Он не бежит от преследования — Поджо в высшей степени разумный человек, сумевший избежать как яда среди томного чада папского секретариата, так и клинка на шумных улицах Флоренции. У него нет живых врагов.

Поджо, что совсем уж странно, и не ищет себе нового патрона, хотя он опытный секретарь и каллиграф, его примут с удовольствием при дворе любого герцога.

Но нет, Поджо преодолевает полузаросшие дороги ради сокровища большего, чем вся эту суета.

Он надеется найти в тайниках монастыря манускрипты.
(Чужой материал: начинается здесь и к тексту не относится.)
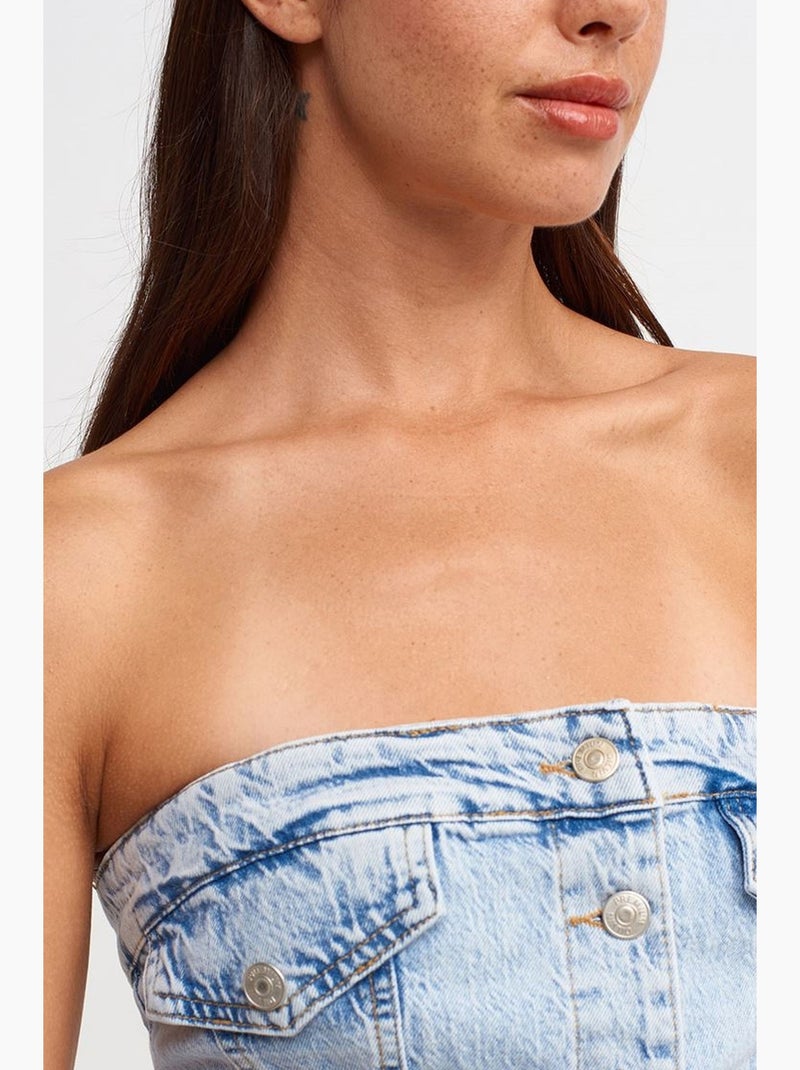 Mouwloze mini denimjurk zonder bandjes dilvin Lichtblauw - Kiabi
Древние манускрипты. Манускрипты, что помнят гордые стяги легионов Римской Империи.

И ему это удается. Поджо вернулся в Италию с настоящей драгоценностью. Драгоценность звали «Лукреций „О природе вещей.“».

Итальянский тогда все еще не так уж сильно отличался от латыни, да и Поджо, и Пико, и множество других гуманистов понимали латынь, если не сказать, владели ей в совершенстве.

Лукреций произвел фурор. Конечно, многие вещи о которых там говорится кажутся нам очевидными — об атомах, о вакууме, о том что ничего не возникает ниоткуда, и ничто не исчезает никуда — но были там и рассуждения о боге и душе, которые могут оказаться интересны нам и сейчас. И все это было весьма еретично тогда.

Тем не менее Лукреций, как и многие другие авторы, стали потихоньку входить в оборот.

Да, это пока было средневековье, и по прежнему мы знаем только крохотную часть людей, живших в то время, потому что только крохотная часть была образована, и могла писать и читать. Тот же Пико потратил всю жизнь, и не одно состояние, чтобы получить образование — он знал латынь и греческий, ездил в Падую и изучал там еврейский и арабский — и конечно он был безумно богат по сравнению с подавляющим и исторически молчаливым большинством, которое даже не умело читать. Но все же, он уже не был одним из совсем уж немногих. Напротив, люди все больше и больше овладевают письмом, и обнаруживается все больше и больше применения для написанного слова.